Holygon End User License Agreement

Holygon End User License Agreement — EULA

Last updated: October 22, 2024

End user license agreement, Maintenance agreement, and Support agreement regarding software products developed or marketed by Holygon.

This Holygon Master Software Subscription Agreement (together with the Order referred to as the “Agreement”) constitutes a binding legal agreement between the End User or Customer (the “Licensee”) specified on the applicable ordering document, invoice, or accepted quote (the “Order”) and Holygon AB (“Holygon”), a Swedish company with European Union Company registry number SE559239532001 and head office post address at Dalbyvägen 5, 22460, Lund, Sweden (each a “Party” and collectively, the “Parties”) with regard to:

(i) Licensee use of the proprietary software defined in the Order with this Agreement, (ii) any updates provided by Holygon to Licensee (collectively, the “Software”), (iii) any standard installation materials, specifications, and system documentation relating to the Software made available by Holygon to Licensee (“Documentation”), and (iv) the provision of maintenance, support and other related services by Holygon. By accepting and signing the Order in connection with licensing the Software and purchase of related services, or by using the software, Licensee accepts the terms and conditions of this Agreement.

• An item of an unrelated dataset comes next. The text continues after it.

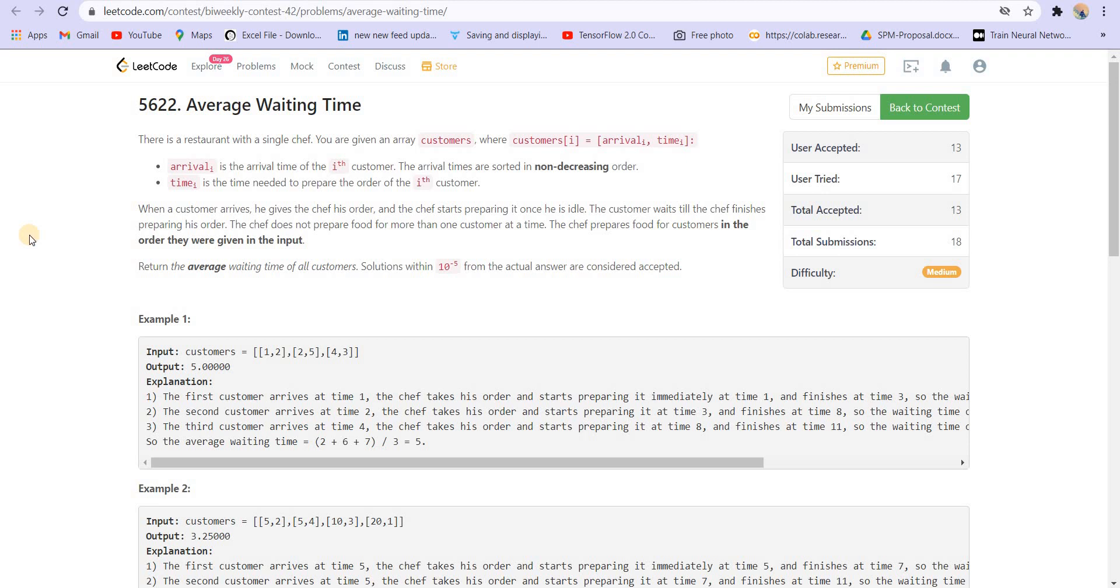Hey there, everyone. Welcome back to Leadcoding. So today we are solving the second question of Leetcode Bi-Weekly Contest 42. Name of the problem is Average Waiting Time.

Natural persons who have entered into this Agreement represents and warrants that the execution, delivery, and performance of the Order and this Agreement on the Licensees behalf has been duly authorized by the Licensee.

Order
To the extent that Licensee or an employee of Licensee is accessing the Software through a license granted to its organization or employer, or is accessing the Software as an individual user, the use of the Software is subject to the terms and conditions of this Agreement, order form or document, accepted quote, or other applicable written agreement between such organization or individual and Holygon, including without limitation the applicable number of licensed users and Software Subscription Fees. In the event of any conflict between the terms of this Master Software Subscription Agreement and the Order, the terms and conditions of the Order shall prevail.

General Software License
Holygon owns the title, copyright, and any other intellectual property rights in the Software. The Software is licensed, not sold. Subject to compliance with all of the terms and conditions of this Agreement and payment of Software Subscription Fees set forth in the Order, Holygon hereby grants to Licensee, a non-transferable, non-exclusive license to use the Software during the Term (a) in object code form for internal use within its business, (b) in accordance with any licensed client, volume and/or other limitations set forth in the Order for the Software prepared for Licensee by Holygon or an authorized Holygon reseller or distributor (“Reseller”), and (c) in accordance with the associated Documentation. 

Software Trial
The software may offer a Trial mode. Trials are intended only for users new to the Software, and only for the purpose of helping new users evaluate and get acquainted with the Software’s features, in order to make an informed choice of whether or not to order the software. Trials do not allow any commercial purpose or use.

Commercial Use
To employ Holygon Software for any commercial purpose, the licensee is required to use a Software Edition which is explicitly marked “For Commercial Use” or some equivalent such wording. The entitlement to commercial use is clearly marked at the Software point of sale. Some Software Editions will entitle the licensee to use the Software commercially purposes, other Editions forbid such use. Commercial purpose shall be taken to include any use by anyone working in or on behalf of a company, corporation, sole proprietorship, non-profit, foundation, government, government agency, municipality, university, school or any other organization, whether itself for-profit or not. Any purpose shall be regarded as commercial, unless it is strictly for personal recreation.

Beta Version
The software may be offered in Beta version. A Beta version implies that several features may still be missing, may not work as intended, or be subject to change. The Software is offered on an as-is basis. To help remedy issues encountered, the Licensee is encouraged to contact Holygon Support.

Backup
Licensee may make a copy of the Software for safekeeping or “backup” purposes, provided all original proprietary notices are retained on any such copy. This License is for Licensee’s internal use only; Licensee may not assign the license to any third party for any reason whatsoever.

Modification
The Licensee may not modify or create derivative works based upon the Software. Except to the extent expressly permitted by applicable law, and to the extent that Holygon is not permitted by applicable law to exclude or limit the following rights, the Licensee may not decompile, disassemble, reverse engineer or otherwise attempt to derive source code from the Software, in whole or in part. For clarification, Licensee shall be responsible for any of its employees or representative who is assigned to use the Software under this Agreement.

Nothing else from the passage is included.